The answer is the data below, repeated exactly, with no pictures included.

[[ Provided data open ]]

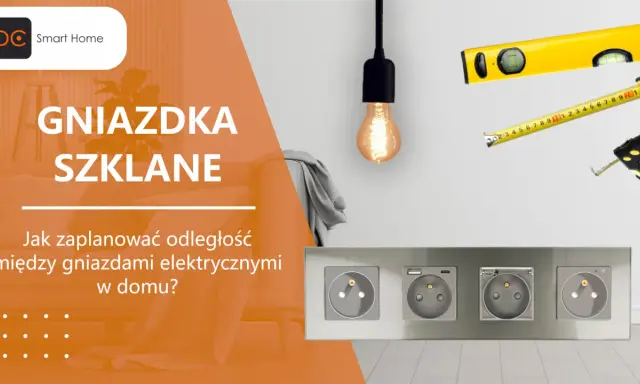 Planowanie wysokości gniazdek od podłogi. Grafika przedstawia nowoczesne gniazdka elektryczne, miarkę i poziomicę.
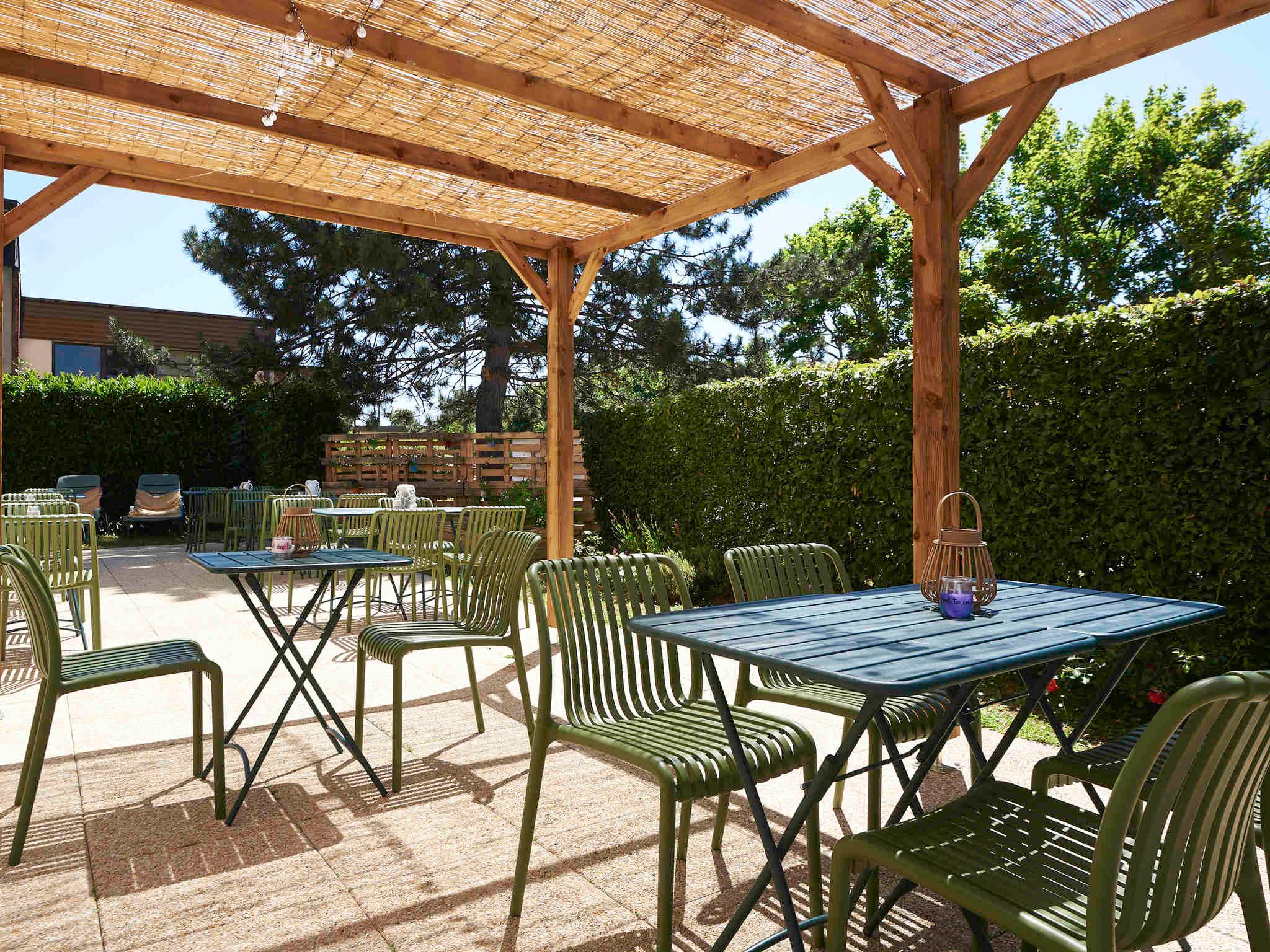 greet hotel Versailles - Voisins Le Bretonneux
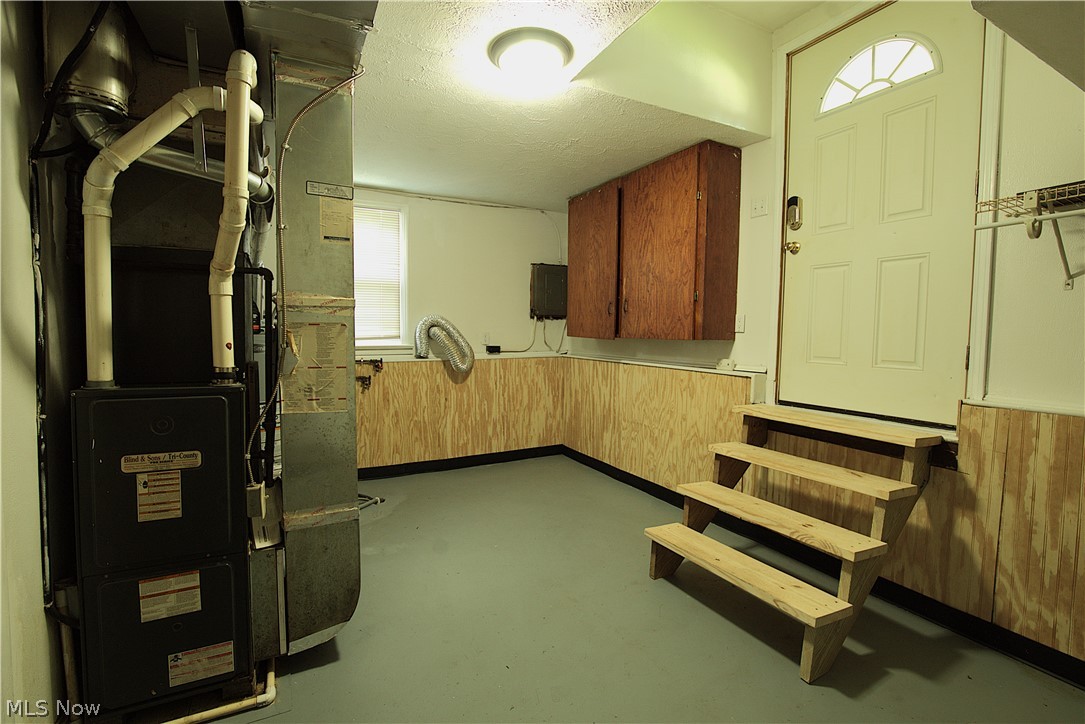 34 Kenmore Avenue Barberton OH 44203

[[ Provided data closed ]]

**Task result:**
 Planowanie wysokości gniazdek od podłogi. Grafika przedstawia nowoczesne gniazdka elektryczne, miarkę i poziomicę.
 greet hotel Versailles - Voisins Le Bretonneux
 34 Kenmore Avenue Barberton OH 44203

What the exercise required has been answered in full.